The black panther of Kabini
I consider two people as my gurus, whose names I would like to disclose. One is N A Naseer. I accepted him as my guru the moment I spotted his wildlife pictures in Yathra Magazine. The second one is Google. I google for everything about camera, lighting and the latest brands and specifications. Thus I equipped myself and set out to explore the thick forests with a camera since 2014. That time, my friend — a bird-watcher — used to accompany me. Predictably, my focus that time happened to be birds. Gradually, I shifted my attention to the feline species when I reached Kabini.
Almost everybody knows that a black panther had long made the dense forests of Kabini its abode. But only very few people honestly take the credit for being lucky enough to have a glance at it. Though I ventured into the thick forest for more than 35 times, happily responding to the irresistible call of wildlife photography, practically nothing other than a few monkeys and birds blessed my camera. Sometimes, I slipped into insurmountable dejection thinking about it and many a time I thought that all my time and money spent on the camera has been an irreparable loss.

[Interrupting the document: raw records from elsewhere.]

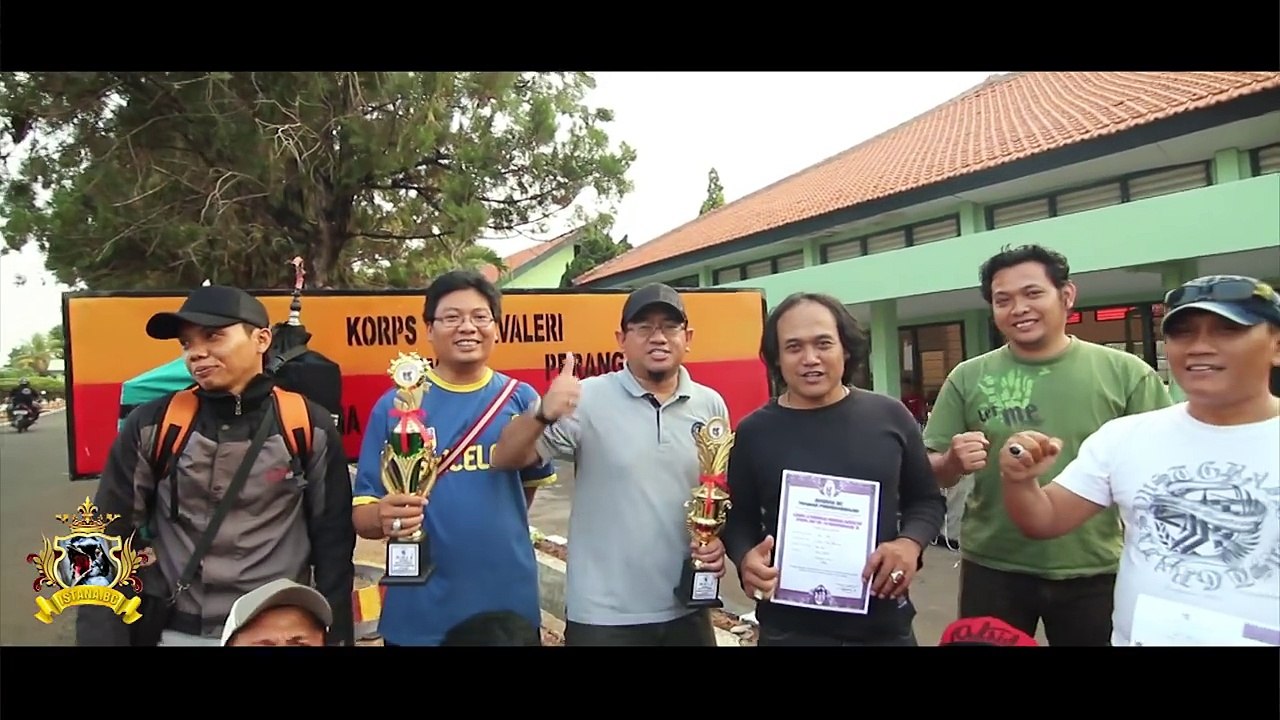 DUNIA HOBI : HEBOH - Kacor Gacor Juara Nasional Ditangan Mantap Milik Istana BC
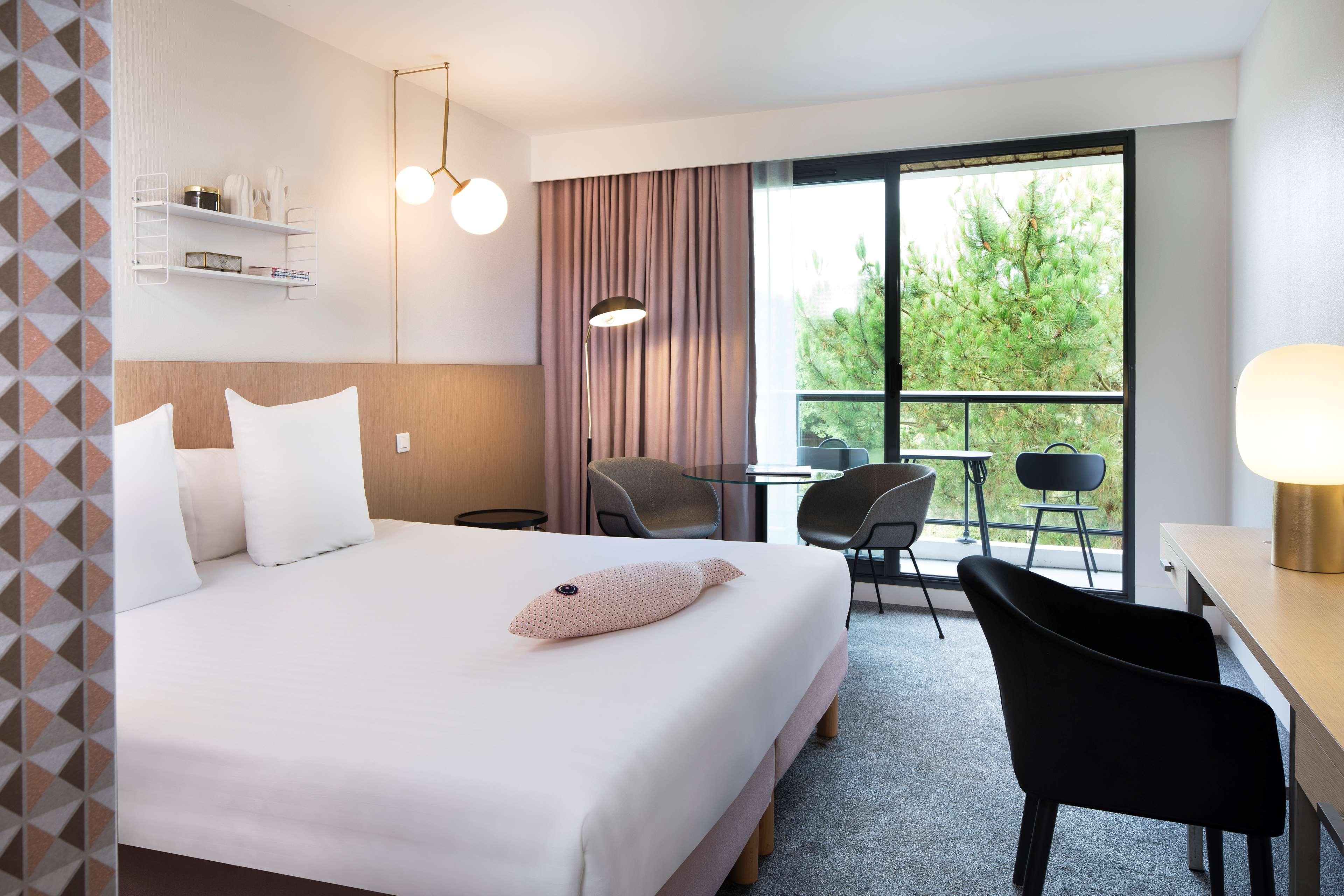 Best Western Plus Hotel les Rives du Ter Larmor-Plage Exterior foto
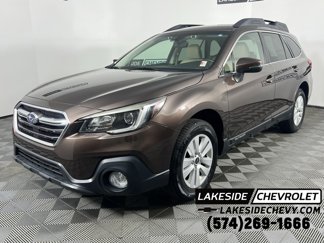 Used 2019 Subaru Outback 2.5i Premium image 1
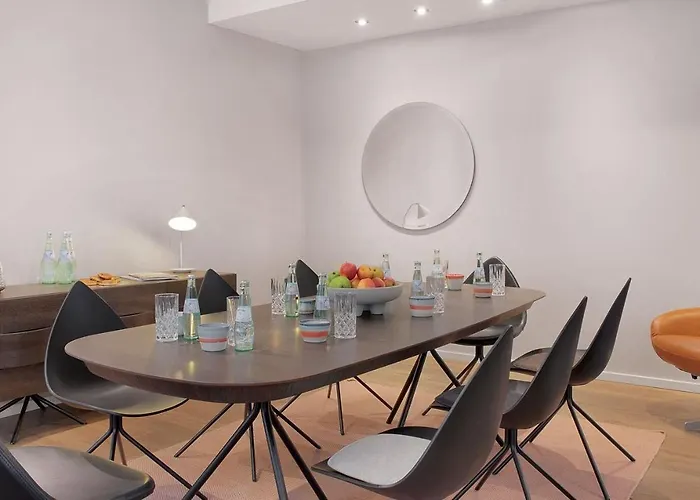 Hotel Beethoven Dreesen - Furnished By Boconcept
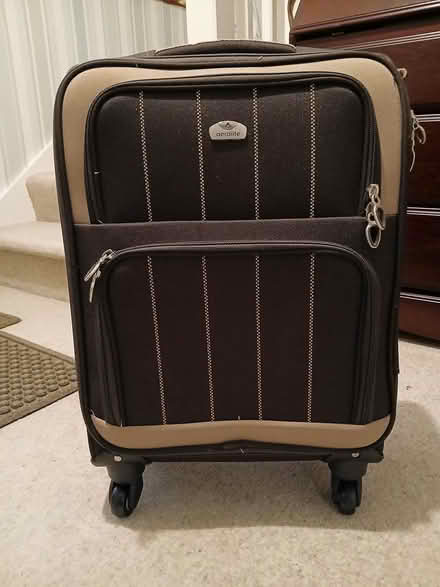 Photo of free Small suitcase (Great Baddow) #1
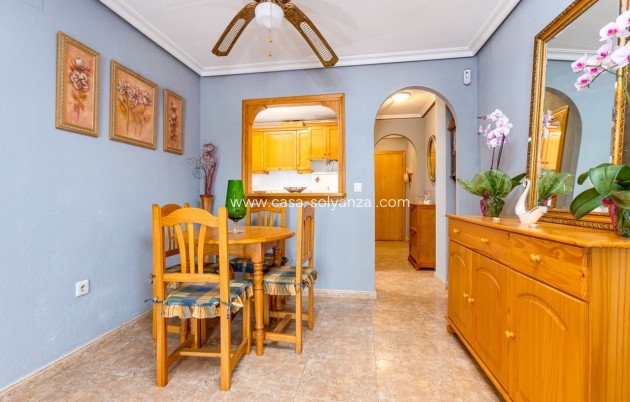 Revente - Appartement - Torrevieja - Costa Blanca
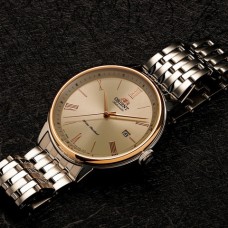 Мужские часы Orient Simple Roman RA-AC0J01S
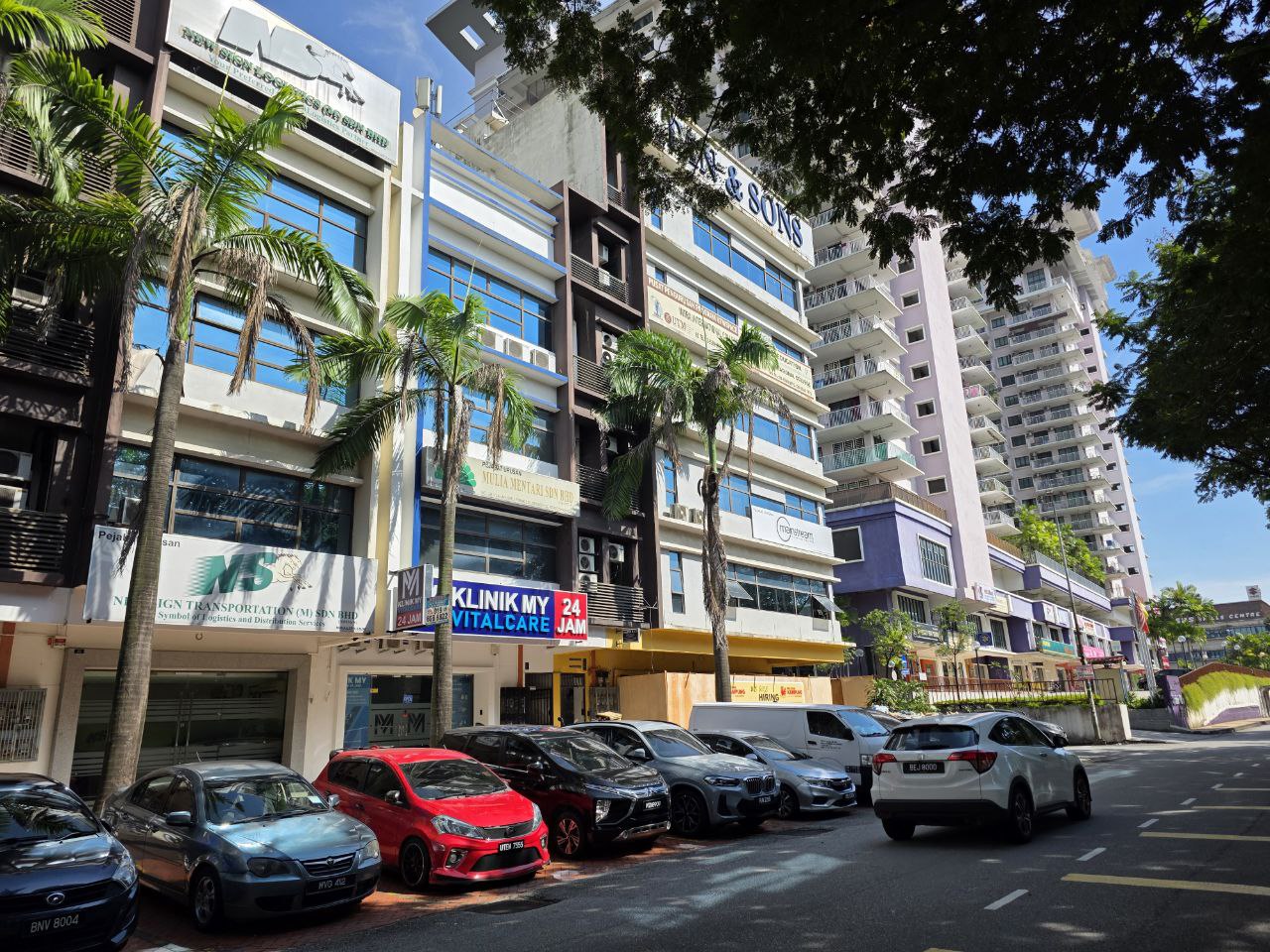 4 Storey Shop Office Shah Alam - photo 2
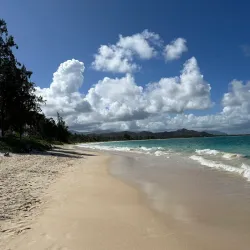 Kailua Beach Park - Kailua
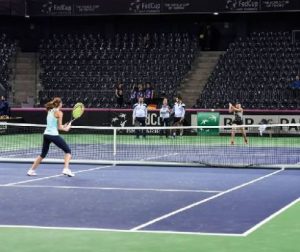A făcut ANUNȚUL! Va avea un BĂIEȚEL. Sărbătoare MARE în familia jucătoarei de tenis - FOTO
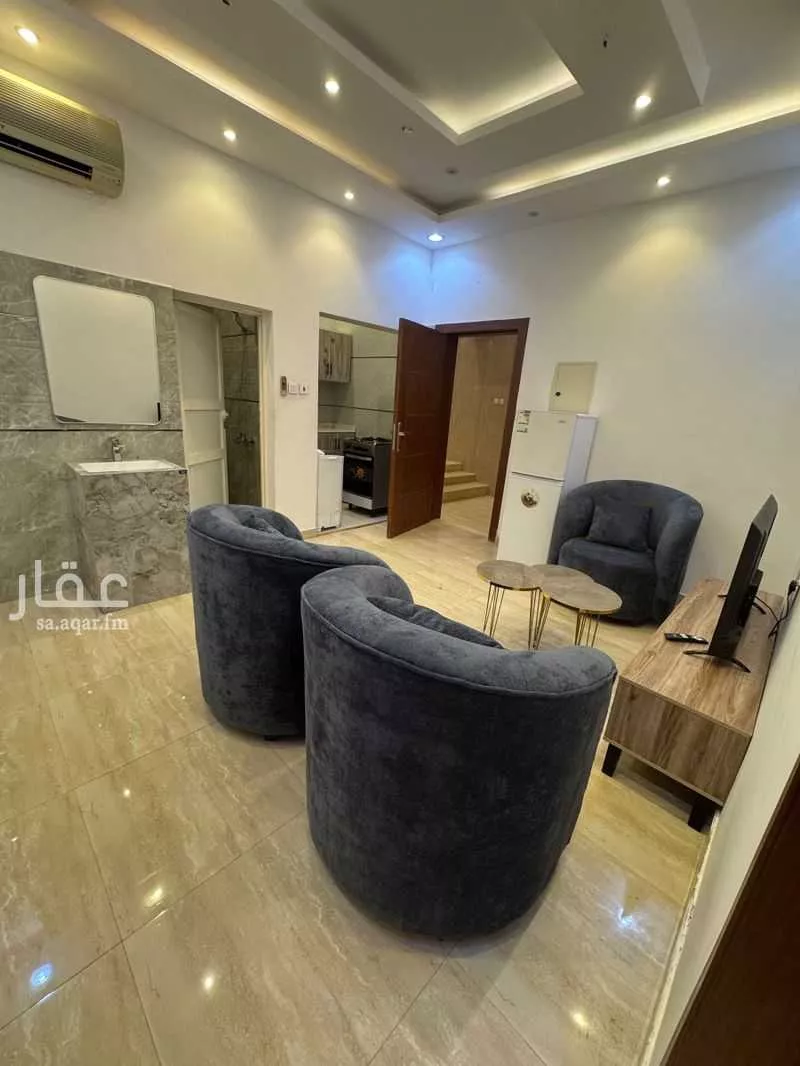 شقة 1 غرف في النسيم الغربي 1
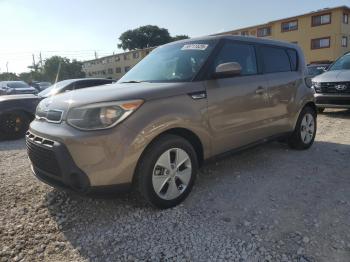  Salvage Kia Soul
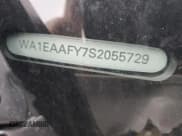 ✅ 2025 Audi Q5 S line Premium Plus • VIN: WA1EAAFY7S2055729 • Lot: 92926305. Listed on Copart with 13,592 mi. Free auction sales archive from the USA and detailed vehicle history report at DreamBid. Image 14.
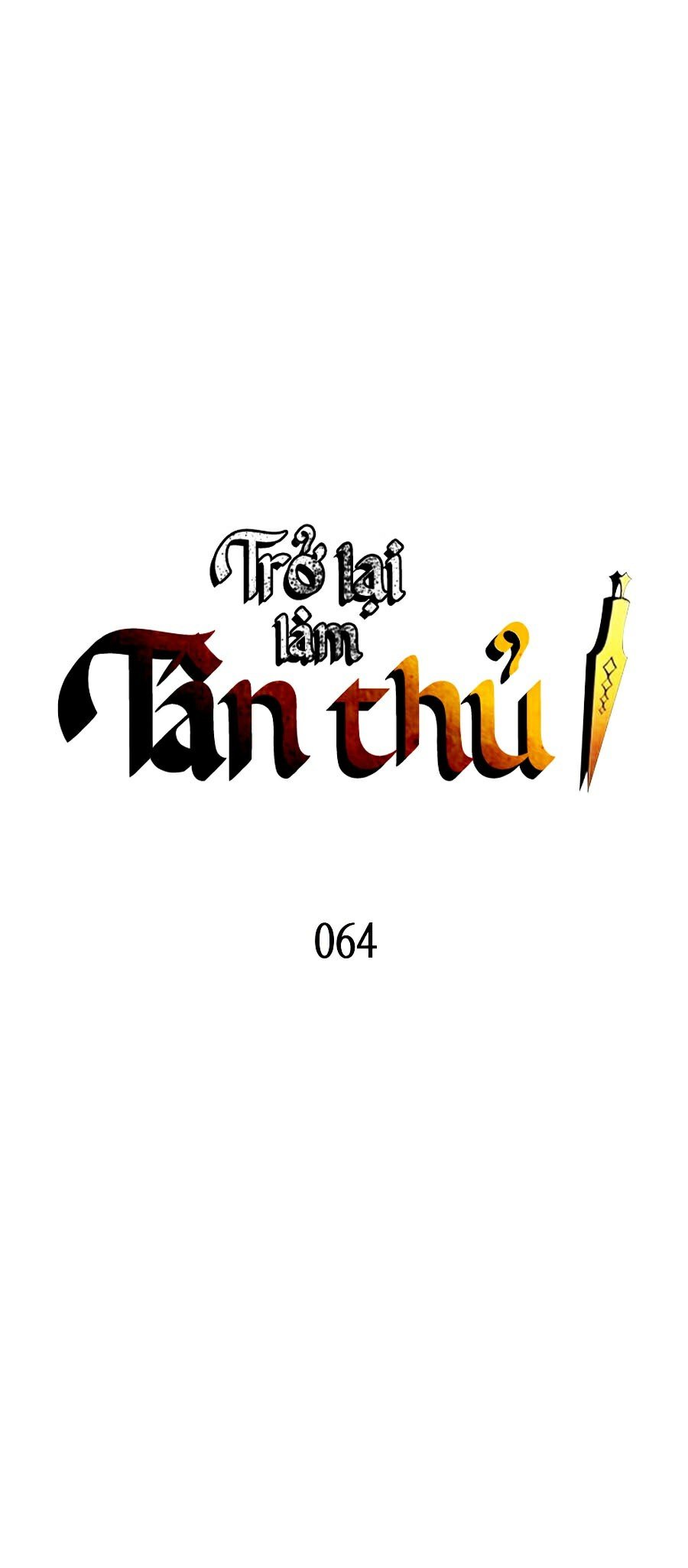 Trở Lại Làm Tân Thủ Chapter 64 - Trang 2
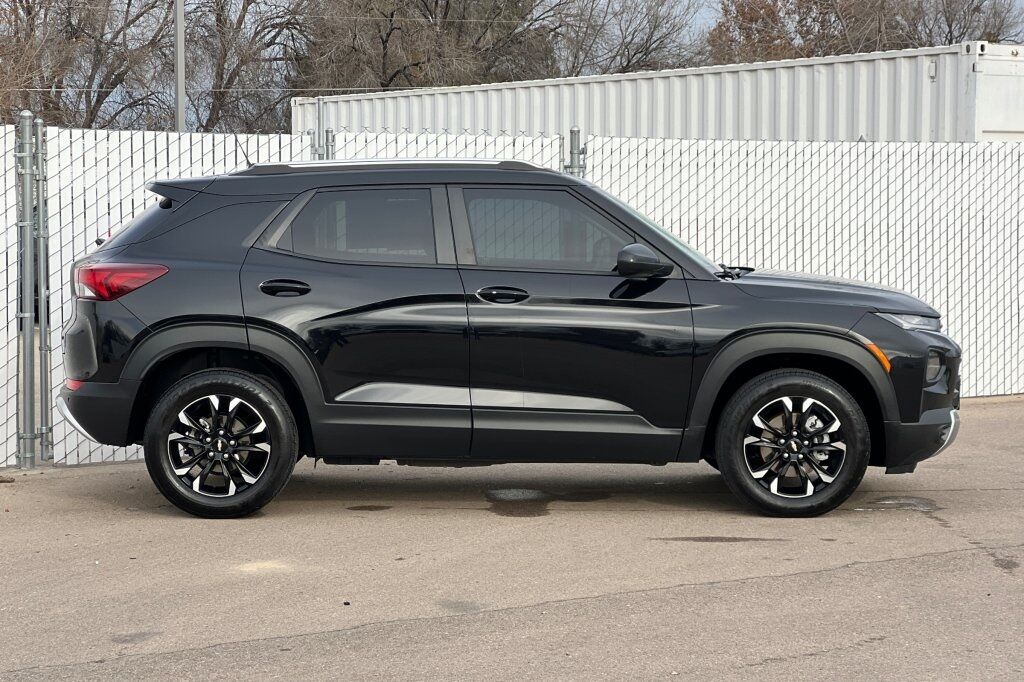 2022 Chevrolet TrailBlazer LT Fruitland ID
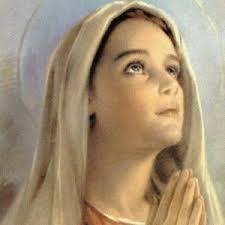 S Máriou, matkou Adventu.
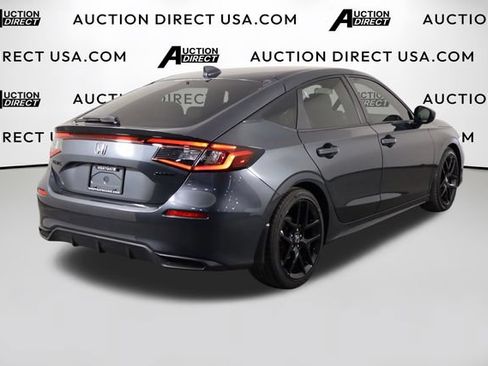 Used 2026 Honda Civic Sport image 35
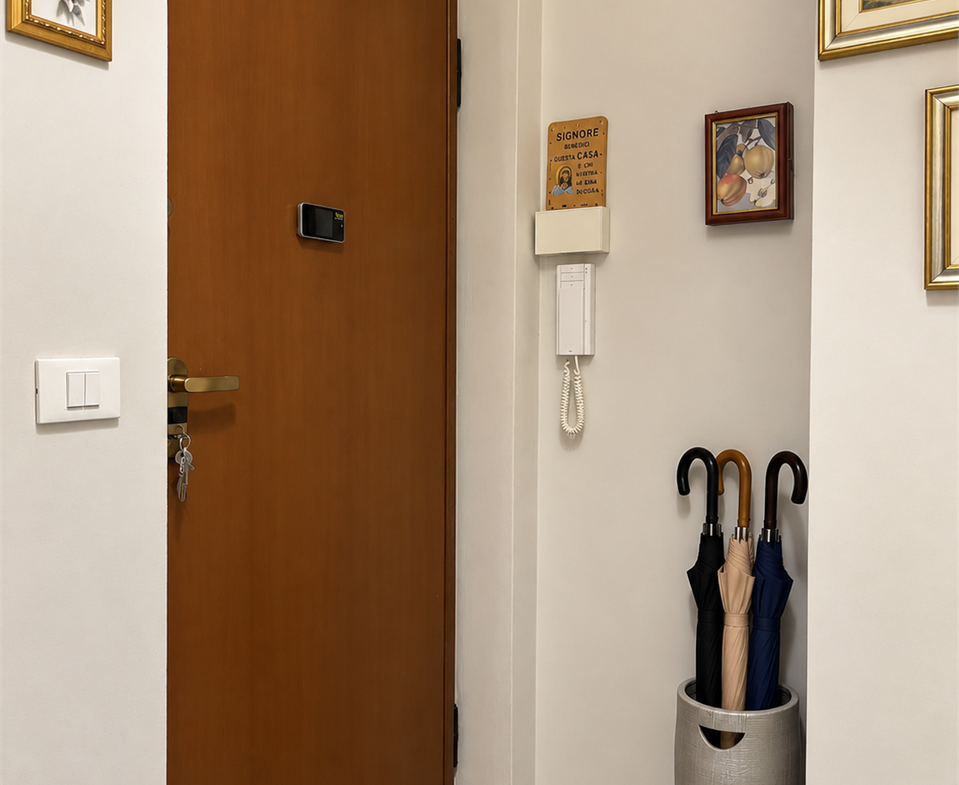 BILOCALE IN VENDITA A TORINO IN VIA CASTELDELFINO 17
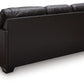 Glennbre - Queen Sofa Sleeper - Midnight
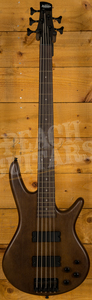 Ibanez GSR205B-WNF 5 String Bass Walnut Flat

But, in wildlife photography, nothing is more rewarding than patience, that too boundless reserve of it as only the mother Earth could boast of.
Actually, I have no time to spare from the hassles of my job which is pretty demanding. Amidst the hectic days, finding some time for photography is a great challenge. And also, once the time and money it takes to be a wildlife photographer are managed, then the support of the family also evaporates into thin air. But I came back recharged and rejuvenated after each trip. The energy and happiness the forest instils in me reduced my tension considerably. This was a welcome change for my family also.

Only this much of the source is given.